Les  photos, échappées d’albums de la famille avant la catastrophe, jouxtent celles qui montrent le désastre environnemental désorganisant les vies, la situation locale des morts et des affolements désespérés avec des documents argentiques d’époque endommagés par réaction chimique, le recueil d’histoires douloureuses par la journaliste Svetlana Alexievitch publiées dans son ouvrage. L’angoisse sociétale jauge le vent qui étend les poussières radioactives mortelles sur la région, ainsi que vers la Scandinavie et l’Europe.

Arkadi Zaides interrompt sa lecture pour se précipiter sur un paquet qu’il déballe avec célérité, télescopant son mouvement actuel avec ses souvenirs autour du paquet véritable dont l’ouverture fut différée plusieurs jours par peur de contamination. Il contient une combinaison, semblable à celle visible sur les écrans et portée par des personnes volontaires.

Ils sont « les liquidateurs » (600 000 ouvriers des environs) visant à « nettoyer » les lieux en ruine chargés de radioactivité, exposés à la mort ou aux handicaps, faute de pouvoir actionner des robots qui tombent en panne du fait d’une extrême chaleur ambiante ; ils sont chargés aussi de tuer les animaux dont le pelage contaminé est dangereux pour eux et autrui.

ph.Laurent Philippe

L’artiste devient un « bio-robot » sous nos yeux : il enfile fébrilement la tenue, agite ses bras et crie en pointant les responsables absents ; il ajuste un masque à gaz pour défier l’air saturé en particules toxiques. Il  déambule, titube sur le plateau dans un bruit assourdissant de machines, puis tente, en suffoquant, de s’extirper de cet accoutrement qui pourrait bien devenir un linceul. Alors qu’il est épuisé, écroulé au sol, on est informés de la suite donnée à ce genre de mission quant aux survivants : « Félicitation, Vous recevrez un certificat d’honneur ». Des zones d’évacuation, d’exclusion et de restriction sont décidées ; un premier sarcophage est construit autour du réacteur dans l’année.
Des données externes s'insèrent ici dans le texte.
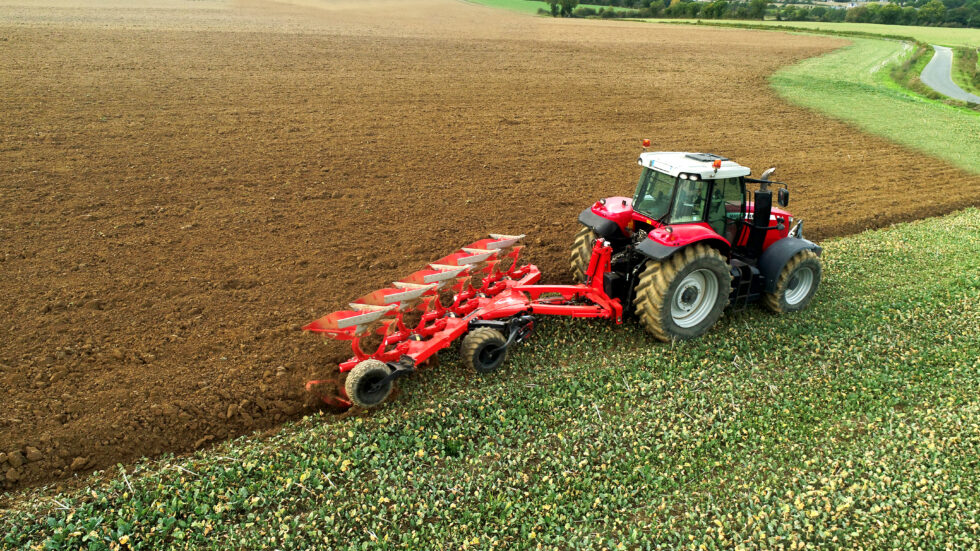 Aratro al lavoro per la preparazione del terreno
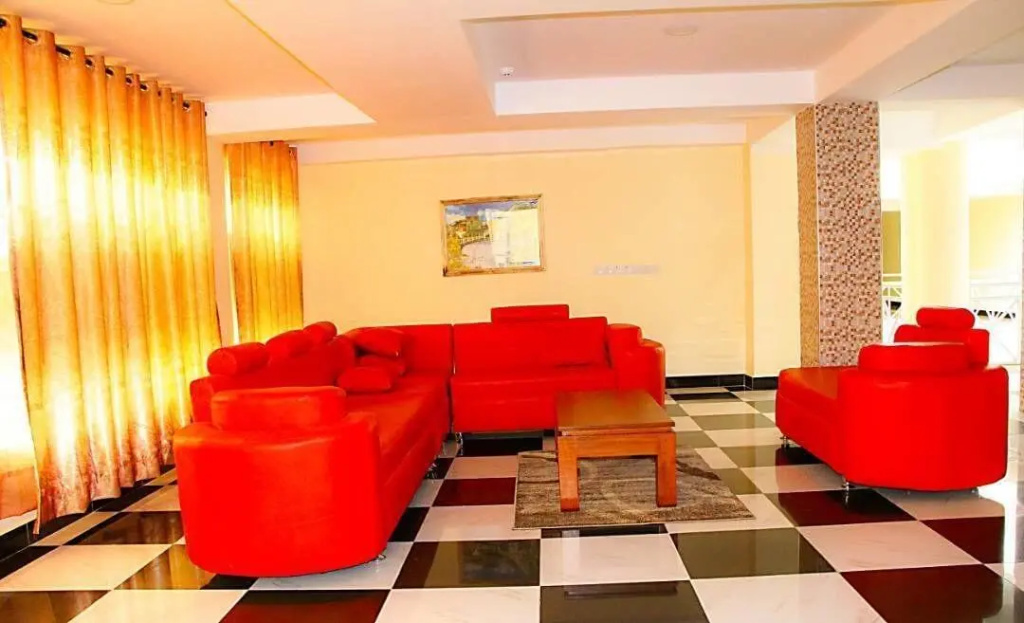 Lobby & Reception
L’artiste est rejoint par un deuxième danseur en tenue, un compagnon pour s’encourager, résister, survivre ; ils évoluent ensemble librement. Le public, en proie à de fortes émotions, saisit l’ampleur et la gravité du vécu de ces hommes, parallèlement aux « nouvelles » internationales plutôt limitées et données sur un ton plutôt neutre ; aux « fake news » concernant, entre autre, l’aspect minoré des faits en terre russo-soviétique.

Les témoignages, délivrés pendant une heure, ont avivé la dimension humaine de cette catastrophe, suggérant qu’une telle séquence mortifère pourrait bien aujourd’hui se rejouer dans tout endroit du monde. Jusqu’à détruire la planète et l’humanité. Frémissements et remerciements soutenus de l’ensemble du public.